L'altra deve invece illustrarci come mai un candidato alle rivolte giovanili delle banlieue si ritrovi invece in Siria, Iraq e Libia con tra le mani un missile anticarro di ultima generazione, sopra un carro armato nuovo di zecca, munito di un visore notturno da combattimento o si ritrovi in Europa dotato di esplosivo ad alto potenziale, controllatissimo dai Servizi ma guarda caso, come al solito, non nel momento fatale.

Persino Lucia Annunziata sull'Huffington Post è costretta a scrivere apertis verbis: "Qualcuno paga l'ISIS in Iraq e Siria così come qualcuno paga la sua rete terroristica in Europa". Ma evita di dire chi.

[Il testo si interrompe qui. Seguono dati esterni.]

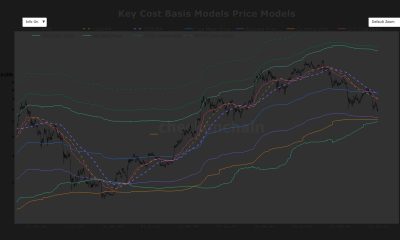Bitcoin remains below key onchain and technical levels, leaving it in no man's land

Ma se non diciamo chi è e non lo affrontiamo, non risolveremo assolutamente nulla.

Così come la spiegazione del fenomeno del terrorismo islamista (non "islamico") si deve sdoppiare come abbiano cercato di fare sopra, anche la sua soluzione deve viaggiare lungo due linee. Inutile parlare solo di interventi sociali, economici e culturali (che non saranno elargiti spontaneamente con la crisi che c'è, ma dovranno essere pretesi, estorti alle élite, e dovranno riguardare tutti - altrimenti aumenteranno i rigurgiti reazionari che già stiamo vedendo). Bisogna parlare soprattutto di chi sfrutta senza ritegno e criminalmente la situazione. E questo è difficile perché bisogna parlare di nostri alleati (e non solo dei Saud), coi quali le nostre élite e i nostri governi hanno interessi intrecciati enormi e spesso non confessabili.

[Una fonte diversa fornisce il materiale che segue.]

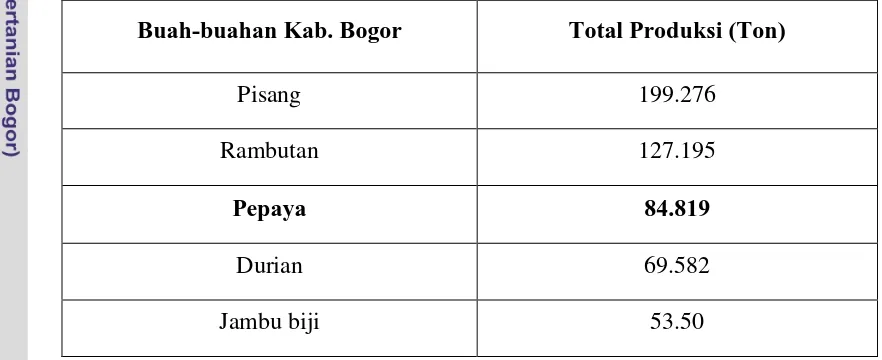 Tabel 4. Total Produksi Tertinggi Buah di Kab. Bogor tahun 2009 
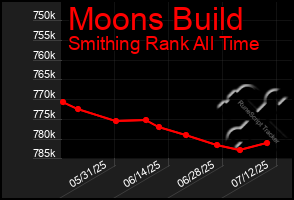 Total Graph of Moons Build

Dobbiamo allora gridare ai nostri governanti che questi interessi e queste alleanze non valgono la nostra vita e non valgono quella dei nostri cari e non valgono quella dei nostri amici.

 

6. Questo passaggio logico-metodologico e politico è obbligatorio e a noi Italiani dovrebbe venire naturale, data la storia di stragi e di misteri che abbiamo sulle spalle. Ma i tempi dei movimenti della "sinistra di classe" sono finiti e assieme si è dissolto quell'ambiente democratico e indipendente di giornalismo, di inchiesta e d'investigazione. Si va a spron battuto verso il cervello embedded. Erdoğan che distrugge la stampa non allineata e contemporaneamente le città curde, i Saud che hanno decretato che qualsiasi critica alla famiglia è considerata atto di terrorismo mentre sponsorizzano le maggiori organizzazioni terroristiche di sempre, non fanno altro che battere la traccia.

La civiltà occidentale sta perdendo, non perché vinta da nemici esterni, ma perché le sue élite le hanno stretto attorno una cintura esplosiva e la spingono al suicidio. Ciò che rimarrà della civiltà dell'Occidente forse sopravvivrà in Oriente, in Russia, in India, in Cina.

Un affascinante paradosso per i futuri storici e i futuri archeologi.